Let $\varepsilon > 0$. Since $x_n \to x$ there exists $n_\varepsilon$ such that $d(x,x_n) < \varepsilon/2 \quad\text{ for }\quad n \geq n_\varepsilon.$ Hence $d(x_m,x_n) \leq d(x_m,x) + d(x,x_n) < \varepsilon/2 + \varepsilon/2 = \varepsilon,$ for $m,n \geq n_\varepsilon$.

### ℘ Cauchy sequences are bounded

If $(X,\|\cdot\|)$ is a normed space, and $\{x_n\}_{n \in \N} \subset X$ is Cauchy, then $\sup_{n \geq 1}\|x_n\| < B \quad\text{ for some } \quad B \in \R.$

Proof

Proof

According to the definition of a Cauchy sequence, there exists $n_1$ such that $\|x_m - x_n\| < 1 \quad\text{ for } \quad m,n \geq n_1.$ If $n \leq n_1$, $\|x_n\| \leq \max_{1 \leq n \leq n_1} \|x_n\| =: \tilde B,$ and, if $n \geq n_1$, $\|x_n\| \leq \|x_n - x_{n_1}\| + \|x_{n_1}\| < 1 + \|x_{n_1}\|.$ Hence, $\|x_n\| \leq B := \max\{\tilde B, 1 + \|x_{n_1}\| \}$ for all $n \in \mathbb N.$

## Complete metric spaces and Banach spaces

A metric space in which every Cauchy sequence converges is called complete. A complete normed space is called a Banach space.

Ex.
• $\R$ is complete with respect to the metric $d(x,y) = |x-y|$. Hence, $(\R,|\cdot|)$ is a Banach space.
• Both $\R^n$ and $\mathbb C^n$ are Banach spaces with respect to the norm $\|x\|_{l_2} = ( \sum_{j=1}^n |x_j|^2 )^{1/2}$.
• The space of square-summable sequences $l_2 = \Big\{ \{x_j\}_{j\geq 1} \colon \sum_{j=1}^\infty |x_j|^2 < \infty \Big\}$ is complete with respect to the norm $\|x\|_{l_2} = \big( \sum_{j=1}^\infty |x_j|^2 \big)^{1/2}.$ So is $l_\infty$, and $l_p$, for any $p \geq 1$.
• For any interval $I \subset \R$, $BC(I,\R)$ and $BC(I,\mathbb C)$, with norms given by $\|x\| = \sup_{t \in I}|x(t)|$, are Banach spaces.

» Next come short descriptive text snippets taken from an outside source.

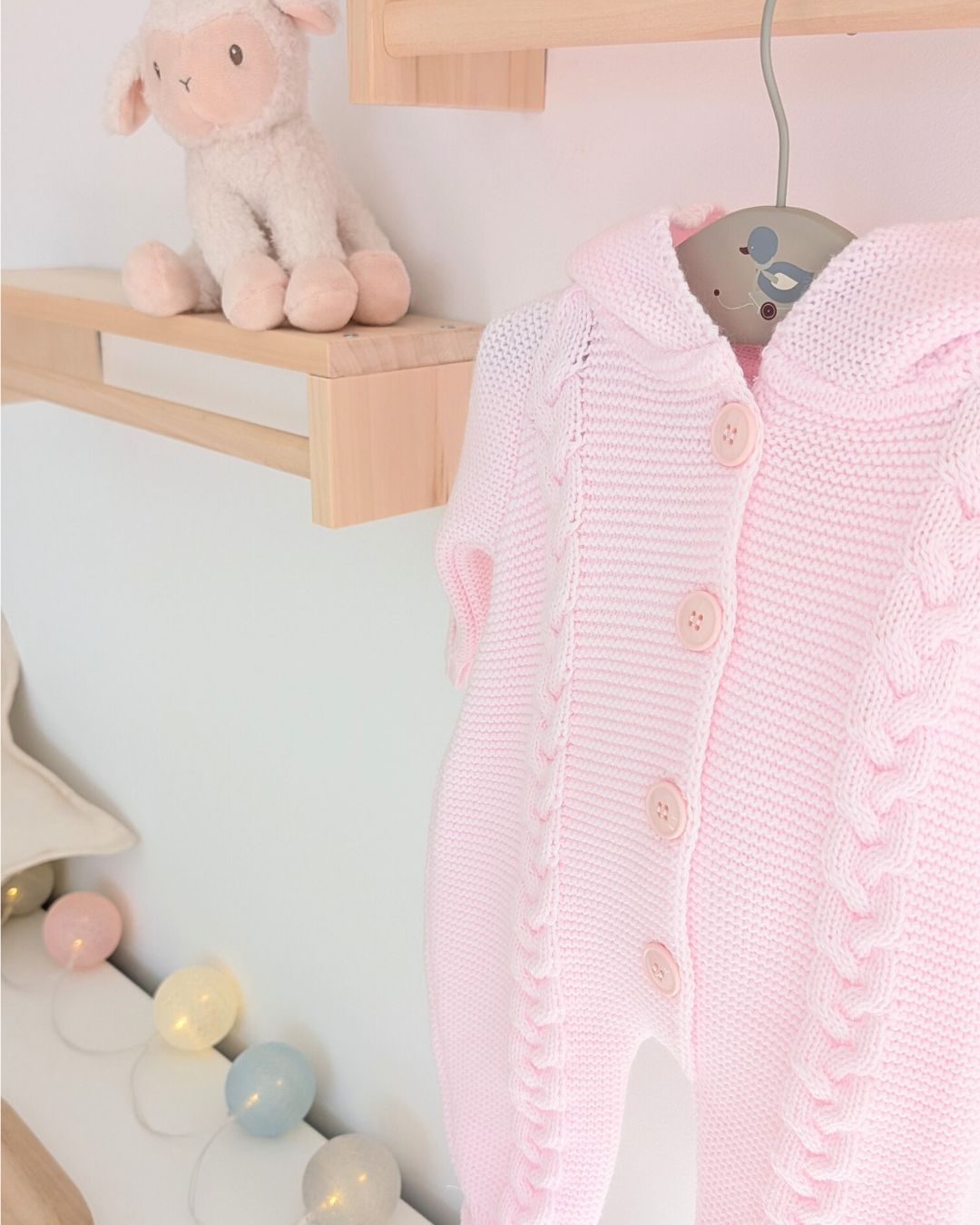 Buzo Orejitas Rosa Bebé 27120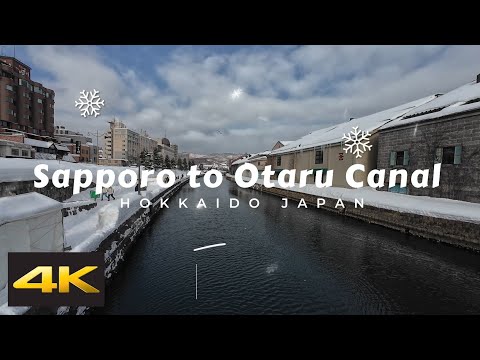 Sapporo to Otaru Canal: A Visual Delight for Travelers | Hokkaido, Japan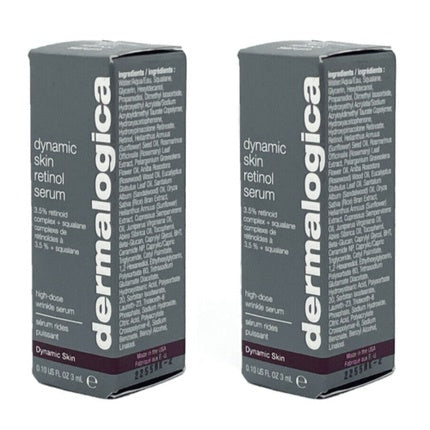 Dermalogica Dynamic Skin Retinol Serum 0.10 Fl Oz 3ml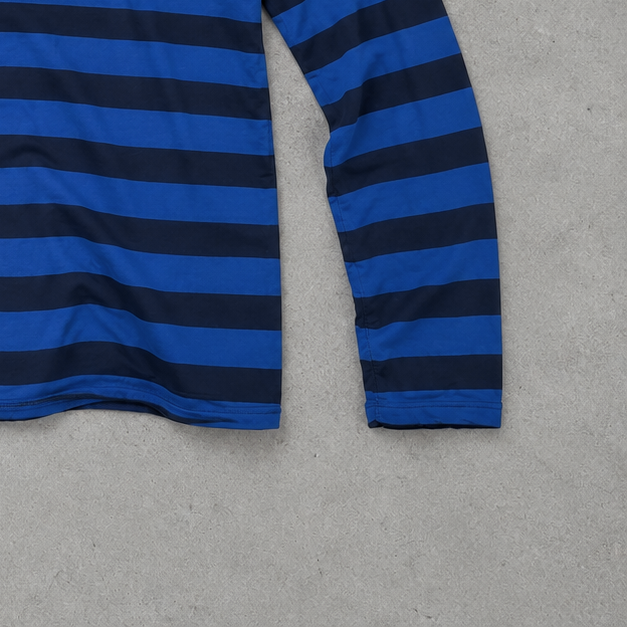 Ralph Lauren Hoodie Marineblau Stitched Logo Limited (L)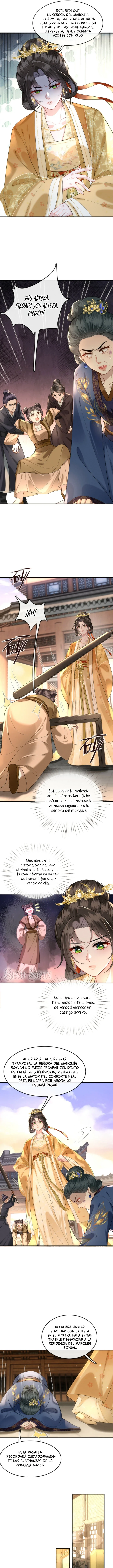 Después de Entrar en una Novela, Me Consintieron Cinco Pequeños Villanos Capítulo 4 - página 10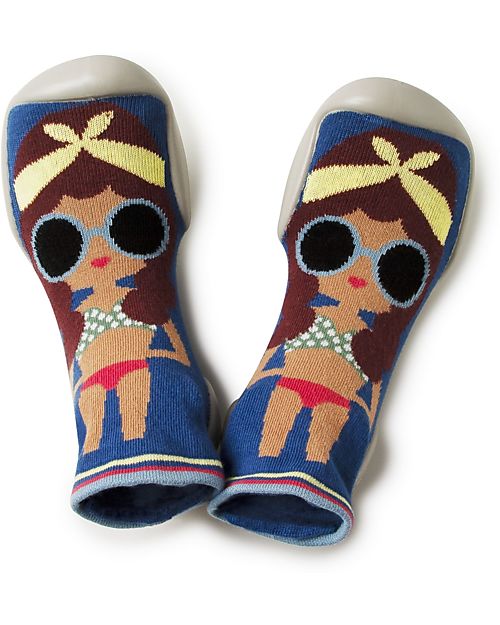 Collégien Summer Slippers with Ergonomic Sole - Vanina - Seaqual Recycled Marine Plastic Slippers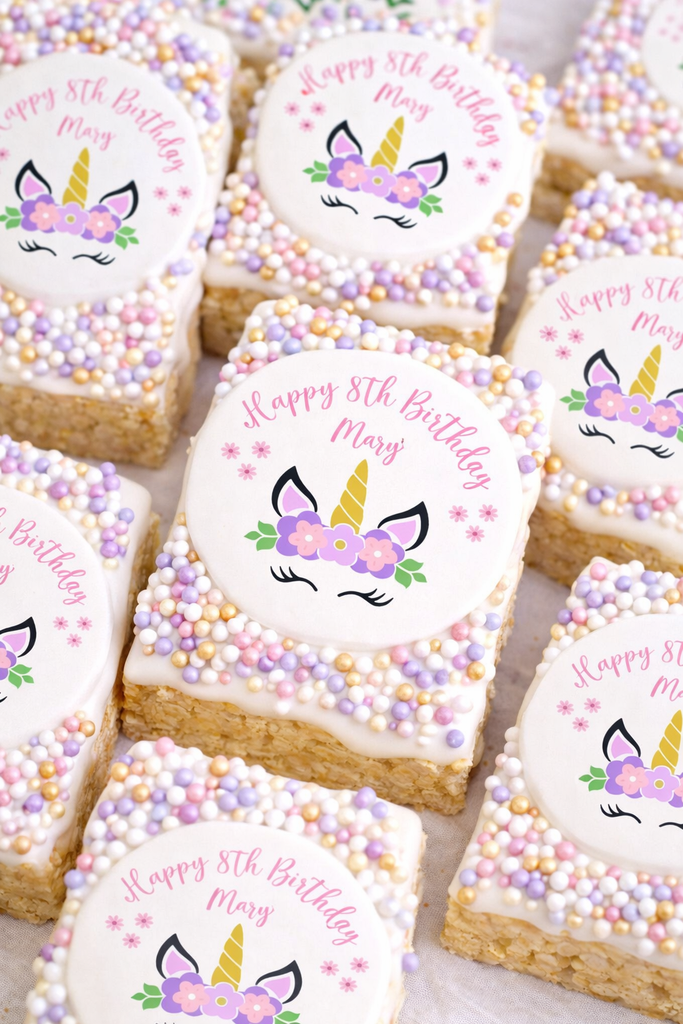 Unicorn Sprinkles - Edible Cake Toppers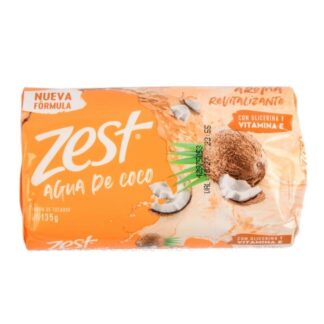 Zest Jabon Agua De Coco 135G #291610C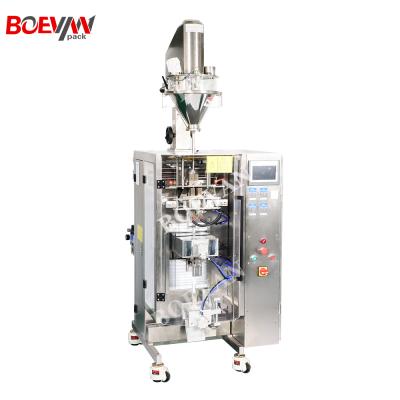 China Automatic Vertical Beverage 10g 20g Coffee Honey 3 In 1 Milk Powder Packaging Machine for sale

### ℘ Subspaces of complete metric spaces are complete if and only if they are closed

Let $M \subset X$ be a subspace of a complete metric space $(X,d)$, i.e. $(M,d) \subset (X,d)$. Then $M \text{ complete} \quad\Longleftrightarrow\quad M \text{ closed}.$

Proof

Proof

Assume that $M$ is complete. Closedness means $M \ni x_n \to x \in X \quad\Longrightarrow\quad x \in M.$ So assume that $\{x_n\}_{n \in \N} \subset M$ converges towards $x \in X$. Since any convergent sequence is Cauchy, $\{x_n\}_{n \in \N} \subset M$ is Cauchy. But since $M$ is complete, $\{x_n\}_{n \in \N}$ converges to an element $y \in M$. By uniqueness of limits, $y = x$. Thus $M$ is closed.

Contrariwise, assume that $M$ is closed and let $\{x_n\}_{n \in \N} \subset M$ be a Cauchy sequence. Recall that $(M,d) \subset (X,d)$ carry the induced metric $d$. Thus \begin{align*} \{x_n\}_{n \in \N} \text{ Cauchy in } M \quad &\Longrightarrow\quad \{x_n\}_{n \in \N} \text{ Cauchy in } X\\ \quad &\stackrel{X \text{ complete}}{\Longrightarrow}\quad M \ni x_n \to x \in X\\ \quad &\stackrel{M \text{ closed}}{\Longrightarrow}\quad x \in M. \end{align*} Thus $M$ is complete.

Ex.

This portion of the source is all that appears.